● **TASK TO CARRY OUT**: Of the material below, the lines to be retyped are those from the line containing "Jack & Jones" through the line containing "Zesty Women's Oversized", inclusive; reproduce them exactly.

● **MATERIAL FOR THE TASK**:

-*-*-

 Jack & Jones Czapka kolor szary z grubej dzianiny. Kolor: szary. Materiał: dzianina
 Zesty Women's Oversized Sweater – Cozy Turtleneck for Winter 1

-*-*-

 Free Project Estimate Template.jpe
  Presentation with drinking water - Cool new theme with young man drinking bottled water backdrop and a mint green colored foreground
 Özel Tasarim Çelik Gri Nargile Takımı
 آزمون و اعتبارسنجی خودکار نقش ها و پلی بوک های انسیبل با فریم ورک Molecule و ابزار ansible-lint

-*-*-

● **SOLUTION**:
 Jack & Jones Czapka kolor szary z grubej dzianiny. Kolor: szary. Materiał: dzianina
 Zesty Women's Oversized Sweater – Cozy Turtleneck for Winter 1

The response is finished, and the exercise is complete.